Azul y Rubén Darío

En el peregrinar de Rubén, ya iniciado y que no acabaría sino con su muerte, Chile representó un paso trascendental para su creación política. Allí aparece Azul en la fecha que se ha venido considerando como el hito señalador del Modernismo.

Azul y Rubén Darío

La influencia francesa que surgió del cantor de La légende des sciècles se amplia y sutiliza con conocimiento de una verdadera pléyade de poetas. En la estancia chilena fue importante su relación con Pablo Balmaceda, hijo del entonces presidente de la República. Su amistad le introduce en ambientes refinados reflejo o imitación del amado París que le llegaba en los versos y prosas de Gautier, Coppée, Richepin, Mendés, Leconte de Lisle, Maupassant…Visión literaria de un París totalmente exótico soñado desde la cosa del Pacífico y al que Rubén rinde tributo recreándole desde los poemas y cuentos de su libro. Lo importante es que Rubén no ha imitado a éste o al otro poeta, sino que ha construido algo nuevo con todos ellos, sin olvidar lo español ni las confluencias renovadoras de coetáneos como José Martí.
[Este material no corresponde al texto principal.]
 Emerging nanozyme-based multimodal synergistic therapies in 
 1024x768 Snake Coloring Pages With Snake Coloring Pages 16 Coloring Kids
En la segunda edición de Azul, en 1892, añade algunas composiciones que vienen a mostrar un adelante de la concepción de la poesía y la narración fuertemente teñidas de parnasianismo. Entre ambas ediciones se encuentra la que podría llamarse consagración rubeniana que de hecho fue de alta importancia para su universal aceptación. Se trata del artículo que le dedica el más fino crítico de la época, Juan Valera. En él se saludaba, a pesar del entonces repetido <<galicismo mental>> algo empalagado de afrancesamiento, la aparición de un verdadero y renovador poeta.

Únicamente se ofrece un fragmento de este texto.